Without the images, print all the entries below exactly as given.

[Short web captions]

***

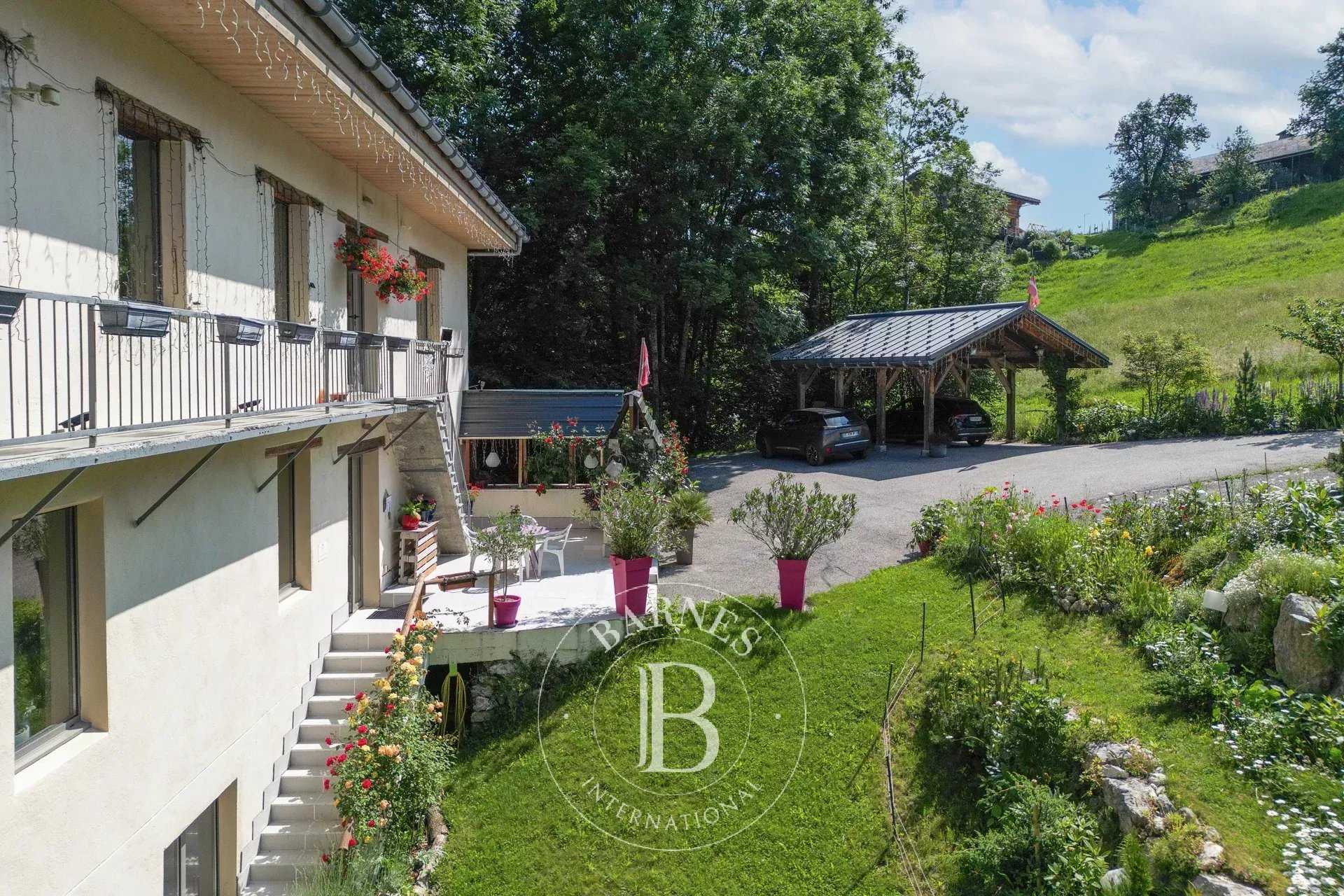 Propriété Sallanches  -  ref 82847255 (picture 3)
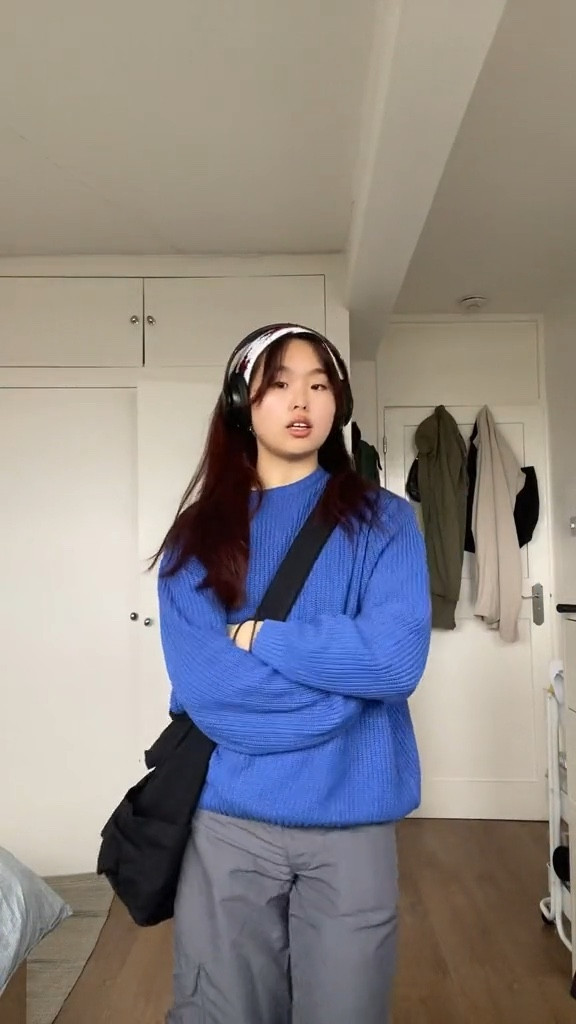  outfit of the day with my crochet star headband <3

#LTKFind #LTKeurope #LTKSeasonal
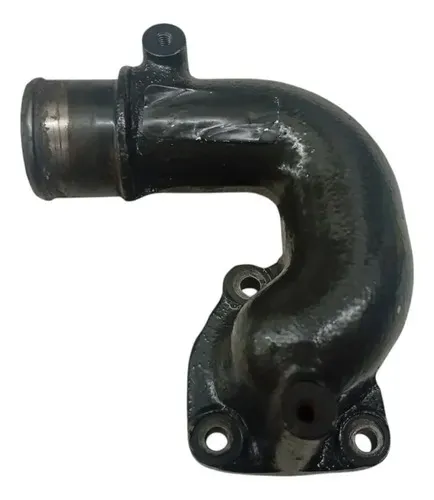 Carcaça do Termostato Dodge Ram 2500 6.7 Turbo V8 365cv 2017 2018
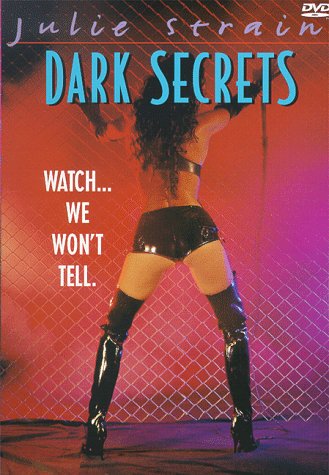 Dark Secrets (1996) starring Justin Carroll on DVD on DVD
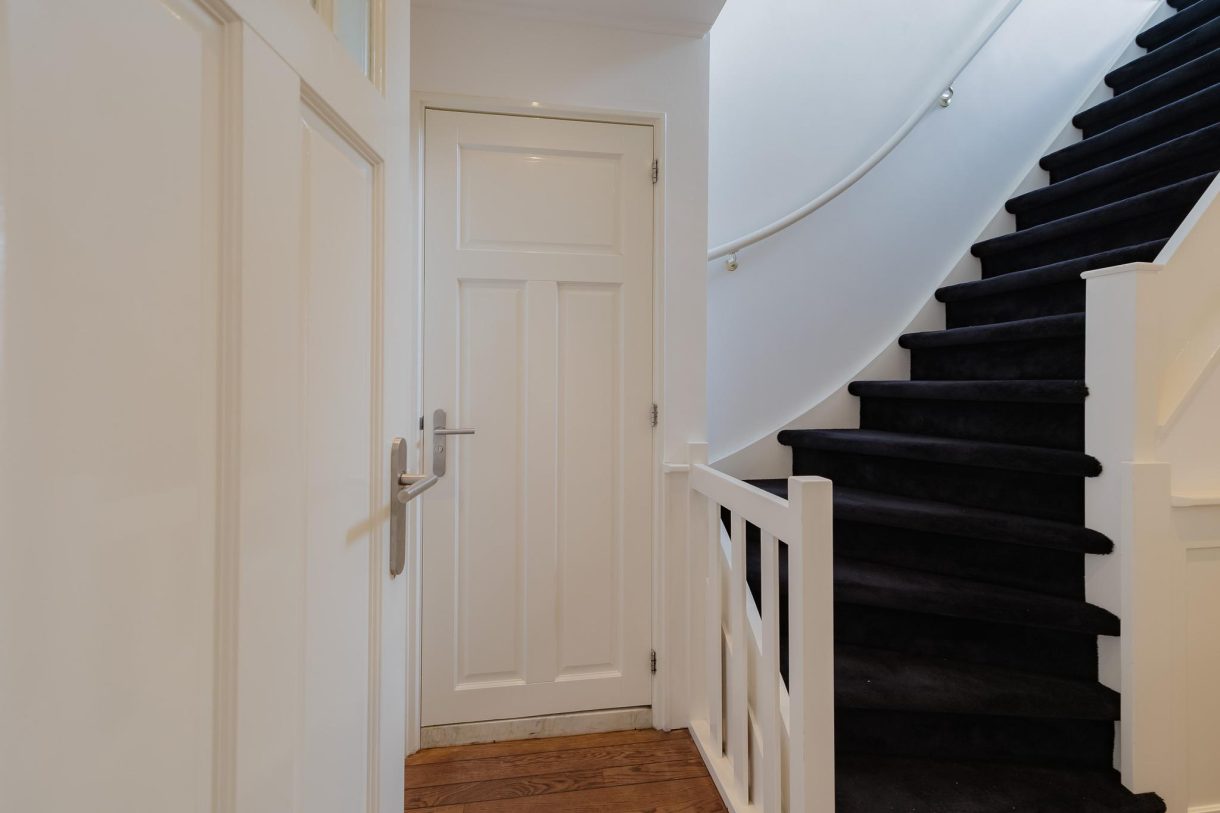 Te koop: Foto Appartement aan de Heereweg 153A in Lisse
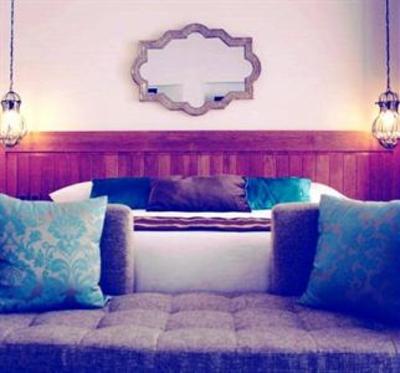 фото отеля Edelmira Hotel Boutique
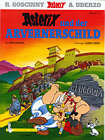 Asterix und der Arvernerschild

***

- Exercise solution -
 Propriété Sallanches  -  ref 82847255 (picture 3)
  outfit of the day with my crochet star headband <3

#LTKFind #LTKeurope #LTKSeasonal
 Carcaça do Termostato Dodge Ram 2500 6.7 Turbo V8 365cv 2017 2018
 Dark Secrets (1996) starring Justin Carroll on DVD on DVD
 Te koop: Foto Appartement aan de Heereweg 153A in Lisse
 фото отеля Edelmira Hotel Boutique
 Asterix und der Arvernerschild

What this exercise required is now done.